ACTIVITY
Your reply should hold exactly the lines from the one that contains "cover image of" through the end of the data. Repeat them word for word.

PROVIDED ENTRIES
━━━━━━━━━━━━━━━━━━━━━━━━━━━━━━
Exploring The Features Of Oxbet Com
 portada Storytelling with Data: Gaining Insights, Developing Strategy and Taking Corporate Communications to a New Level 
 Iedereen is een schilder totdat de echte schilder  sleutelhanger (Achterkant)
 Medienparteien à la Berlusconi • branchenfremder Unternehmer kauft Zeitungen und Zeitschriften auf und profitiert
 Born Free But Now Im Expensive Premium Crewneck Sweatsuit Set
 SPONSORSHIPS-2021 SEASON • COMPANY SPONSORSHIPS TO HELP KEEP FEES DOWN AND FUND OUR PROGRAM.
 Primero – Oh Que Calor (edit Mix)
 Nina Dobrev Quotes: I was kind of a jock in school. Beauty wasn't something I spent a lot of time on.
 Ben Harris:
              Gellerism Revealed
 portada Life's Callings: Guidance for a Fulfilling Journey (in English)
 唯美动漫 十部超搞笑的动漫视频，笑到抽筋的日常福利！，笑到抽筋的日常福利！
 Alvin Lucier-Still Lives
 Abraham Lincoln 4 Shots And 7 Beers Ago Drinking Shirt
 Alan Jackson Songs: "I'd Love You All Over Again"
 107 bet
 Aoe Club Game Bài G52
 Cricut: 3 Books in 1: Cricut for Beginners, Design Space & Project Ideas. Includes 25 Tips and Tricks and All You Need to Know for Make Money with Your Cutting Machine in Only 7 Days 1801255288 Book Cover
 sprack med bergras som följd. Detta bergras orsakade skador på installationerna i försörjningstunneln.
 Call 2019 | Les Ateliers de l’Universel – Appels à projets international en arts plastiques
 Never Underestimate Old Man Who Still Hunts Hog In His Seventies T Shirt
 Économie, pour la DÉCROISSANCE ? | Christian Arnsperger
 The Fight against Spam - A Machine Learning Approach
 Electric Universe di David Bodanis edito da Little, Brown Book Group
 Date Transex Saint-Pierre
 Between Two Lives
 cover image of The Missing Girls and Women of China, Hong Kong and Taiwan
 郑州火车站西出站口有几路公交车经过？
━━━━━━━━━━━━━━━━━━━━━━━━━━━━━━
EXERCISE RESULT
 cover image of The Missing Girls and Women of China, Hong Kong and Taiwan
 郑州火车站西出站口有几路公交车经过？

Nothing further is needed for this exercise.